##### STORED DATA

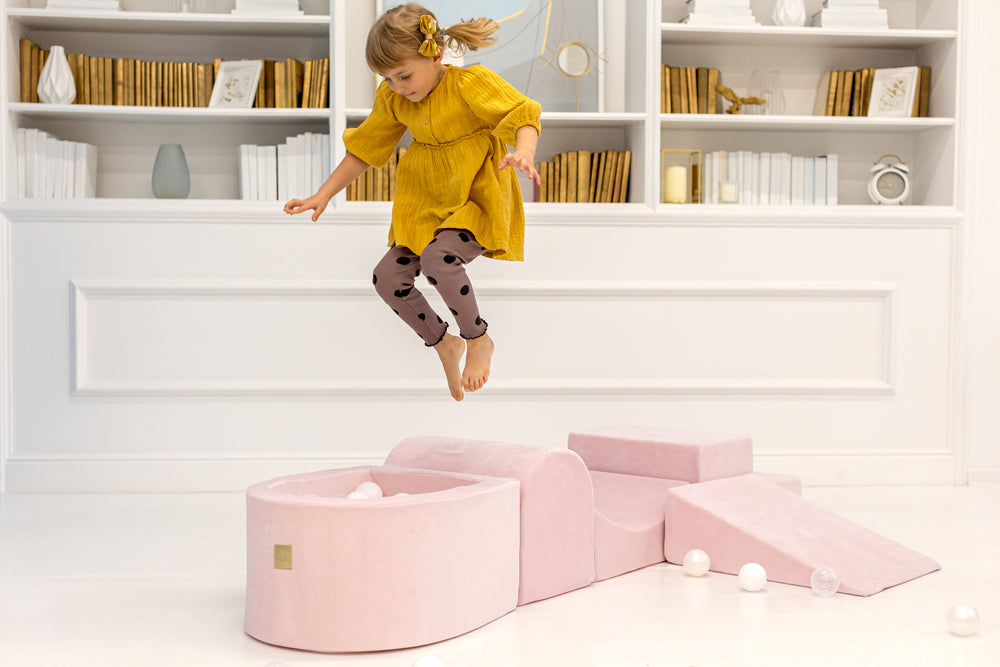 Powder Pink Playground με Μπαλοπισίνα Pink/White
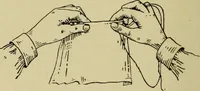An illustration from Margaret J. Blair's system of sewing and garment drafting (1904)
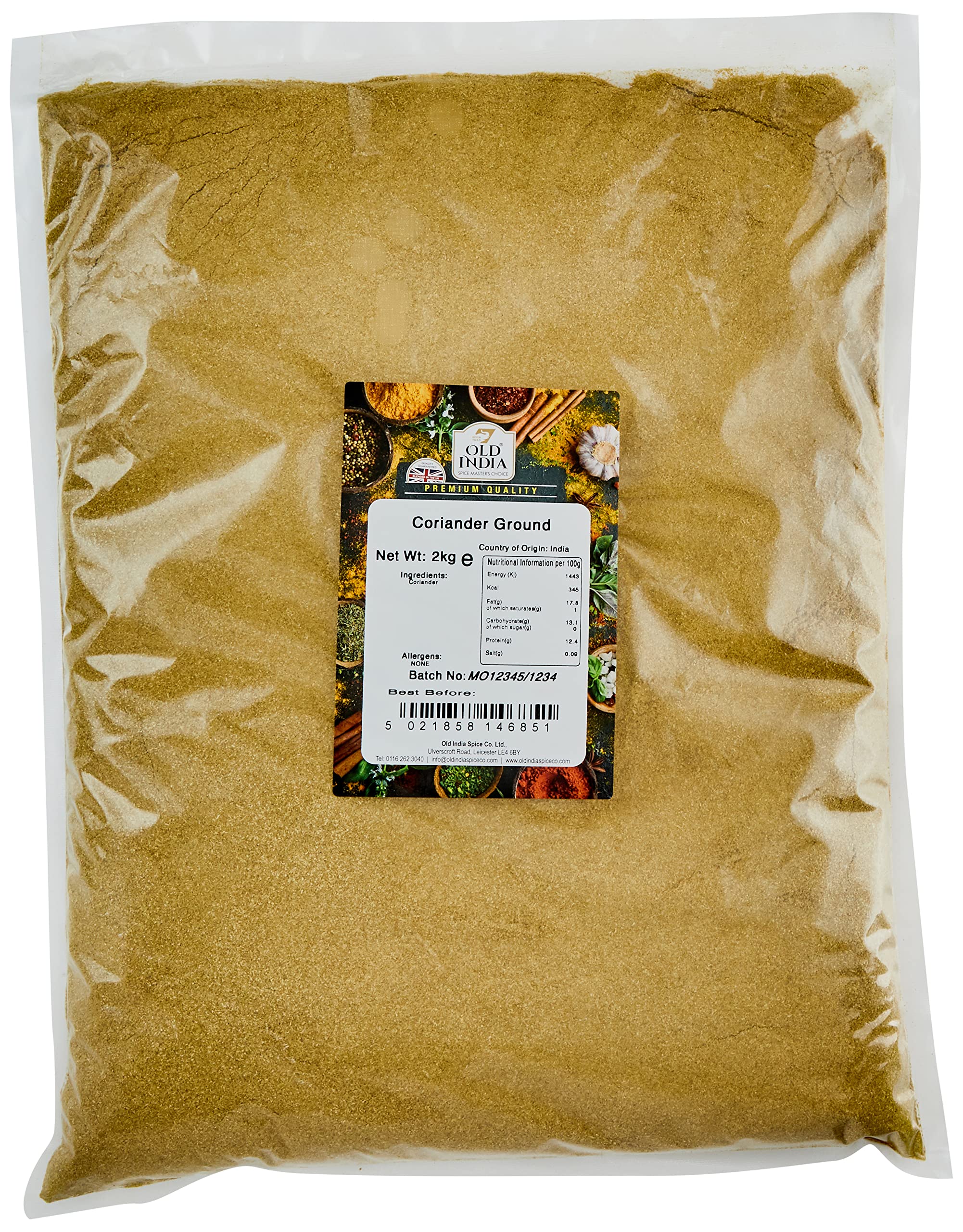 Old India Coriander Ground 2kg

##########

| WORK INSTRUCTIONS |
Transcribe exactly the span of lines from the line holding "An illustration from" through the last line above, both included. Pictures stay out.

| TASK ANSWER |
An illustration from Margaret J. Blair's system of sewing and garment drafting (1904)
 Old India Coriander Ground 2kg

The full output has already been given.